Data section Block Start

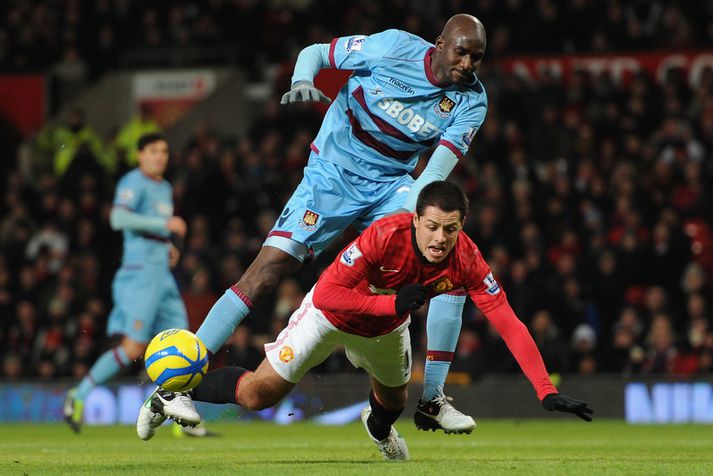 Alou Diarra brýtur á Javier Hernández í leik gegn Manchester United.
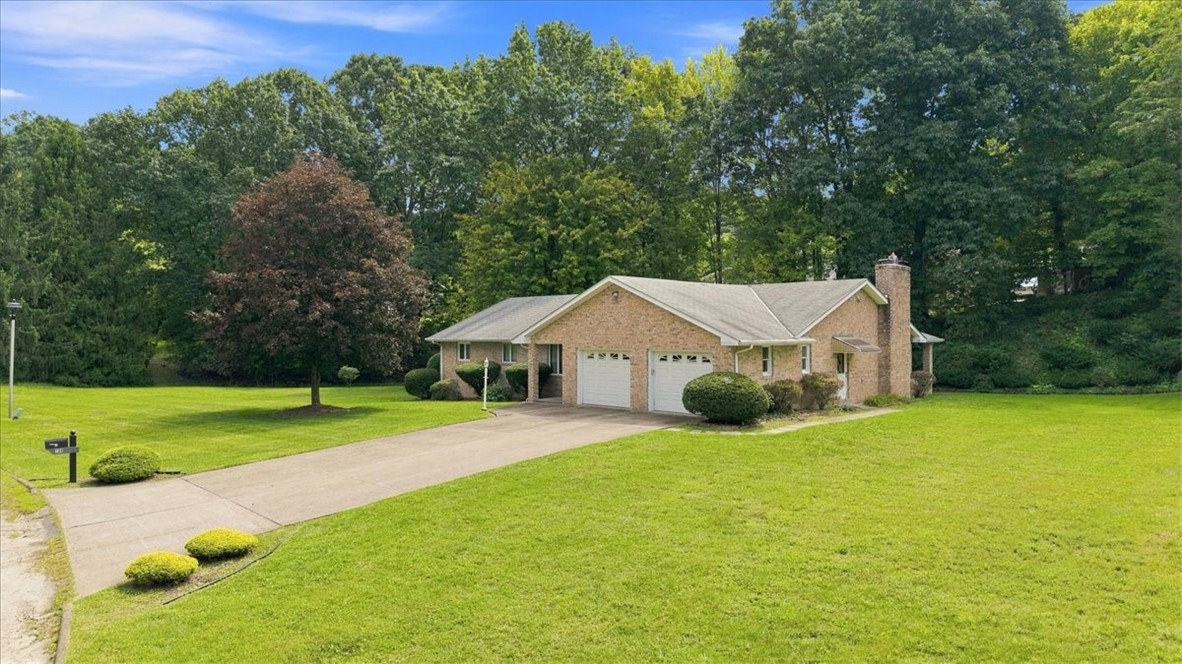 104 Oakcrest Dr. — photo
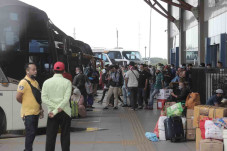 Mudik Awal di Terminal...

Data section Block End

- To do: Without including any pictures, reproduce the data exactly.

- Response to this exercise:
 Alou Diarra brýtur á Javier Hernández í leik gegn Manchester United.
 104 Oakcrest Dr. — photo
 Mudik Awal di Terminal...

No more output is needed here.